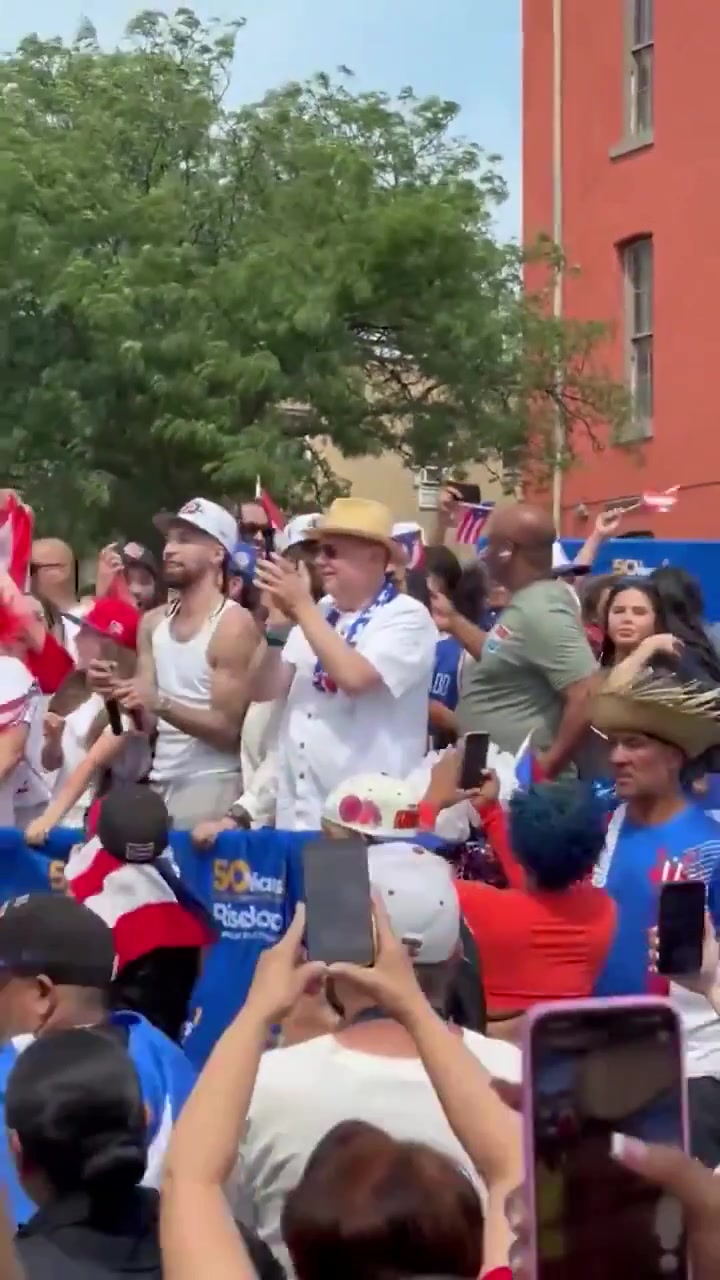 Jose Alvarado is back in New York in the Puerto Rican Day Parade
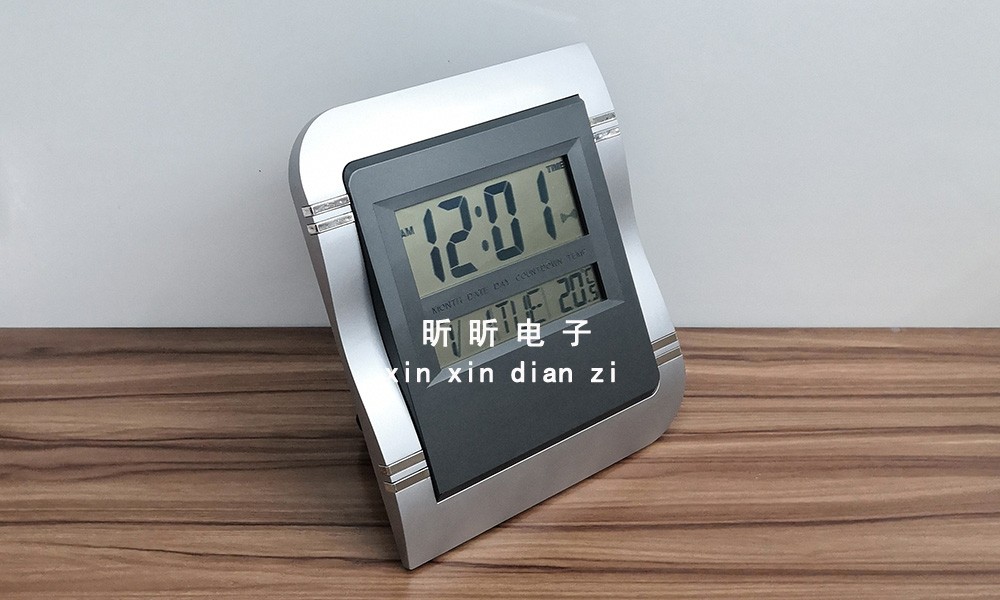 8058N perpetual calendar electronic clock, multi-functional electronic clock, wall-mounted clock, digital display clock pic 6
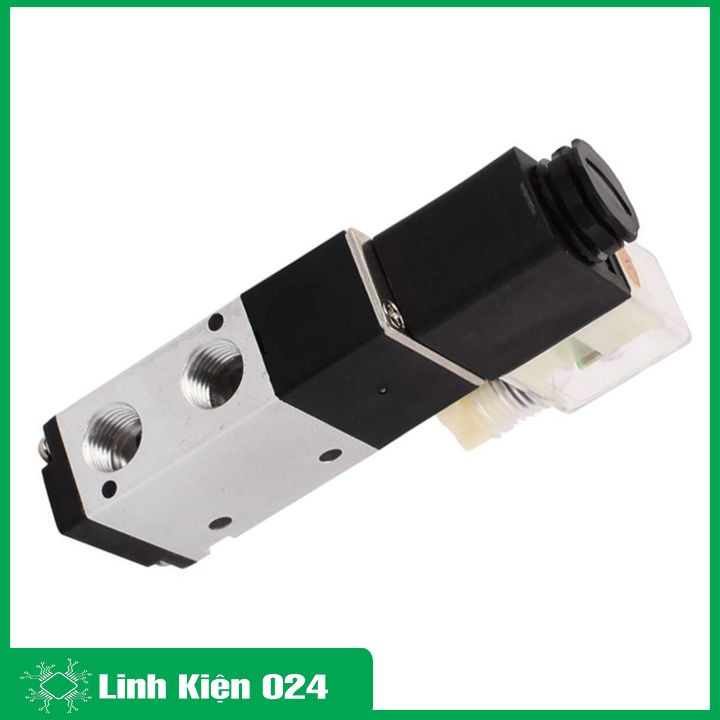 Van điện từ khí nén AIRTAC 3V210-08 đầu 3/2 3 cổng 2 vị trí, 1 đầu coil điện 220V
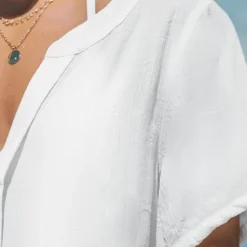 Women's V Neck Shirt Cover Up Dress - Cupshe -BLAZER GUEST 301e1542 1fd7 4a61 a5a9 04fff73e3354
# # #
WHAT TO DO
Return all the data above as written, leaving out only the pictures.

WRITTEN SOLUTION
 Jose Alvarado is back in New York in the Puerto Rican Day Parade
 8058N perpetual calendar electronic clock, multi-functional electronic clock, wall-mounted clock, digital display clock pic 6
 Van điện từ khí nén AIRTAC 3V210-08 đầu 3/2 3 cổng 2 vị trí, 1 đầu coil điện 220V
 Women's V Neck Shirt Cover Up Dress - Cupshe -BLAZER GUEST 301e1542 1fd7 4a61 a5a9 04fff73e3354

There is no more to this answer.